Exercise description »
Every line from the one containing "Abuelita es desalojada" to the end of the records below should be returned exactly; pictures are to be dropped.

Listed records »

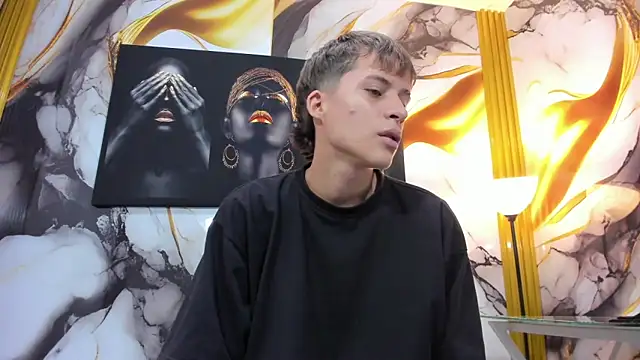 mono_blonde Webcam Show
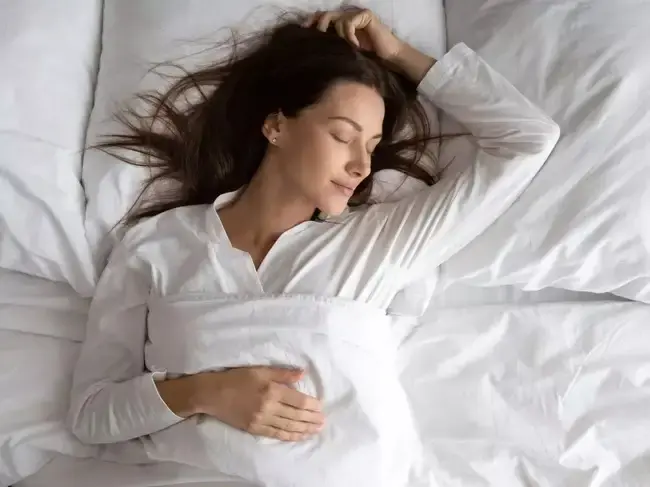 Doctor Warns: How Your Sleep Position Could Be H@rming Your Health – And the Best Way to Sleep Instead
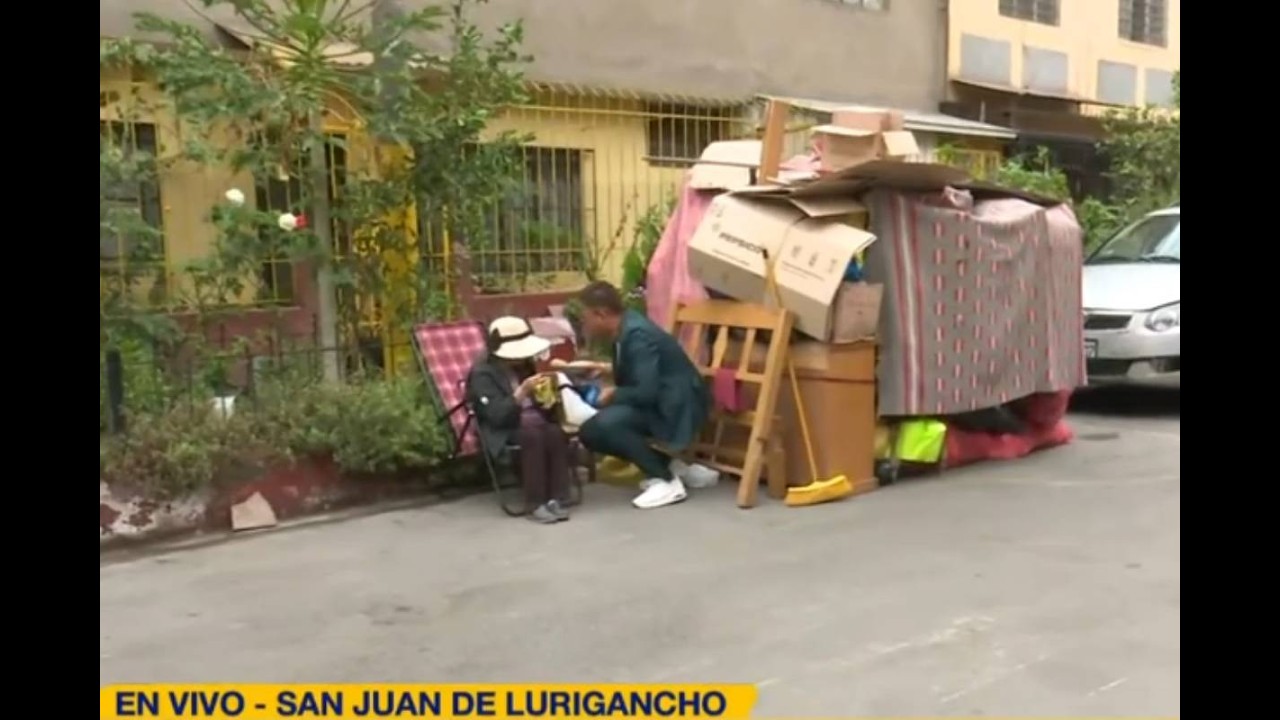 Abuelita es desalojada por su mejor amiga y ahora está viviendo en la calle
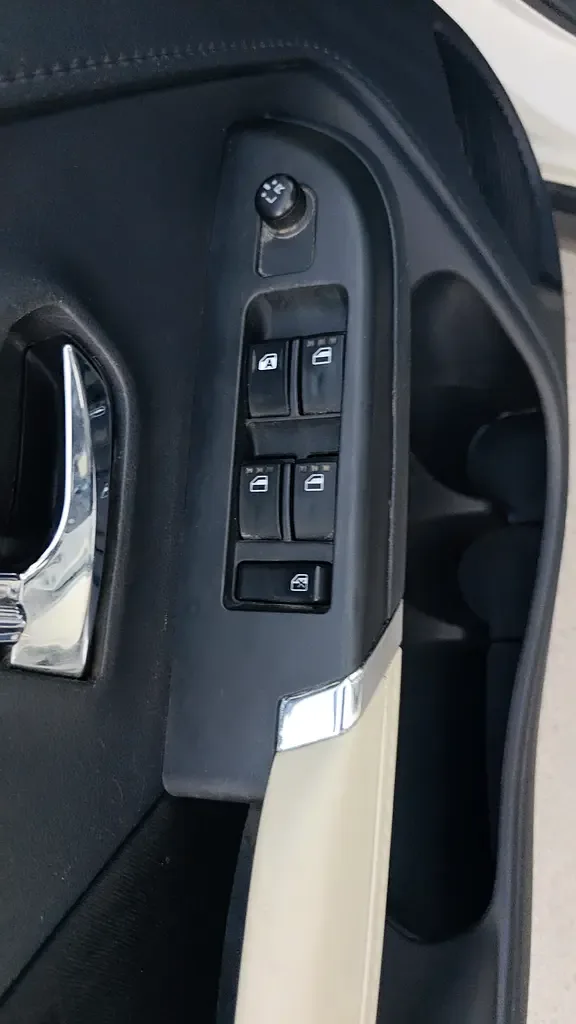 Toyota Rush 1.5 AT (104 hp) - 16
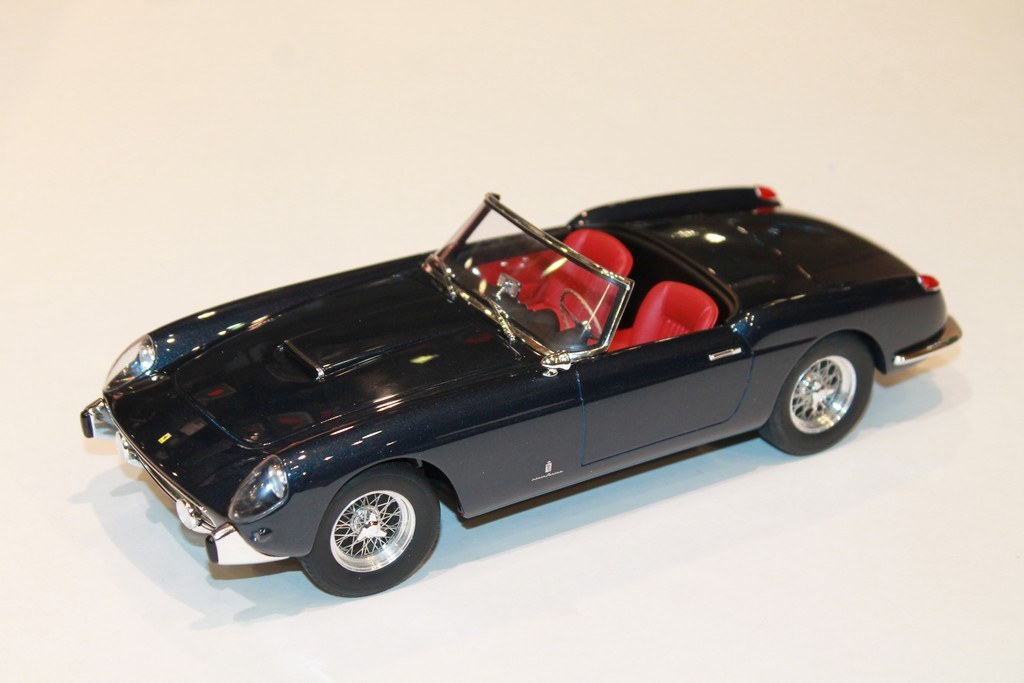 FERRARI 250 GT CABRIOLET BLEU 1957 MATRIX 1/18°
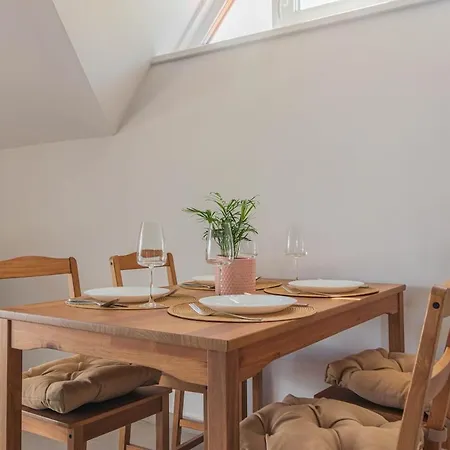 Family Friendly In W Pool&ac By Nw *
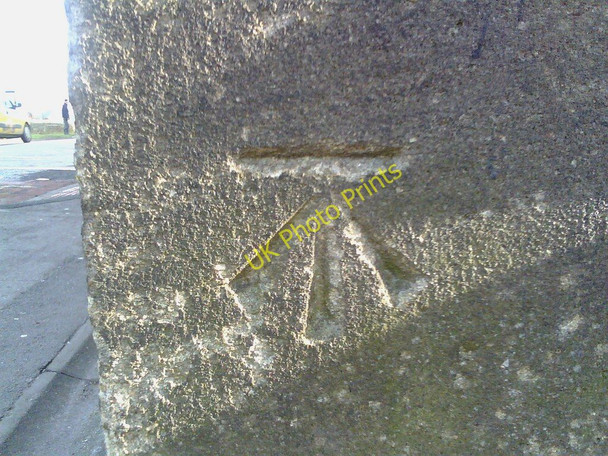 Photo 6"x4" Cut Bench Mark, Harlow Inn Harrogate c2011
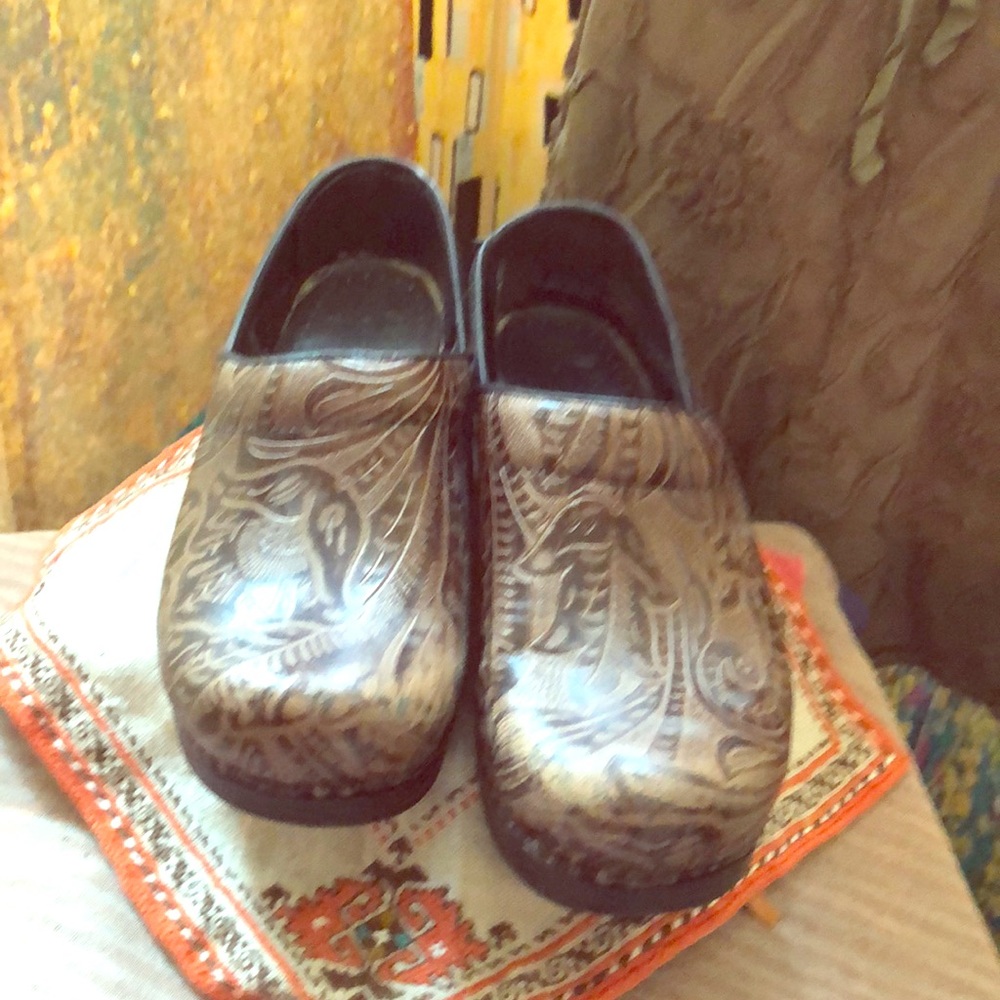 Cute damsel leather!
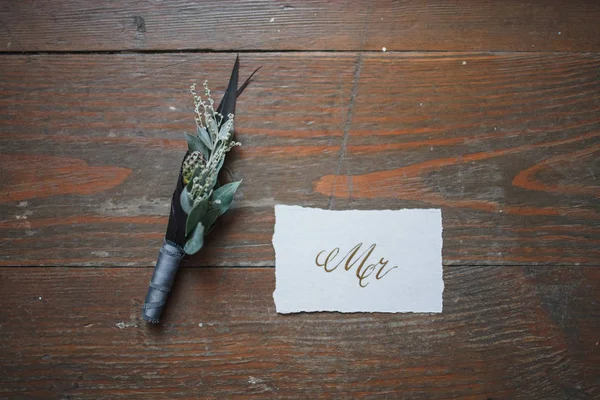 Düğün kartı tasarımı. Kartpostal tasarımı. Balmumu damgası. Altın arka plan. Kaligrafik tasarım ögeleri.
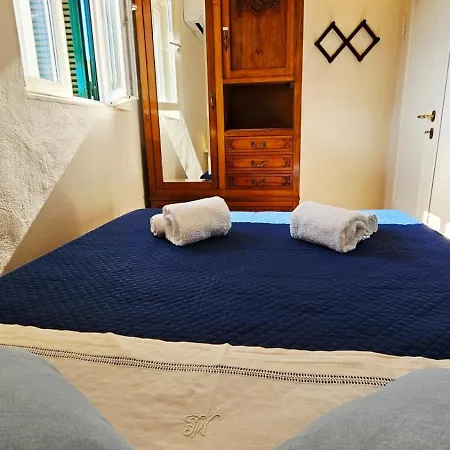 Apartman Mansarda A Due Passi Dal Porto Con Parcheggio Privato Livorno
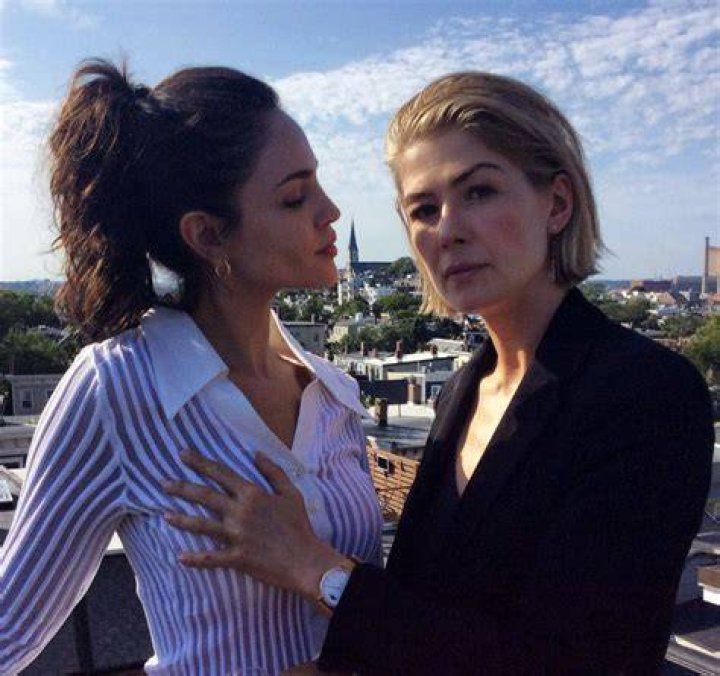 Is Rosamond Pike a lesbian?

Response below »
 Abuelita es desalojada por su mejor amiga y ahora está viviendo en la calle
 Toyota Rush 1.5 AT (104 hp) - 16
 FERRARI 250 GT CABRIOLET BLEU 1957 MATRIX 1/18°
 Family Friendly In W Pool&ac By Nw *
 Photo 6"x4" Cut Bench Mark, Harlow Inn Harrogate c2011
 Cute damsel leather!
 Düğün kartı tasarımı. Kartpostal tasarımı. Balmumu damgası. Altın arka plan. Kaligrafik tasarım ögeleri.
 Apartman Mansarda A Due Passi Dal Porto Con Parcheggio Privato Livorno
 Is Rosamond Pike a lesbian?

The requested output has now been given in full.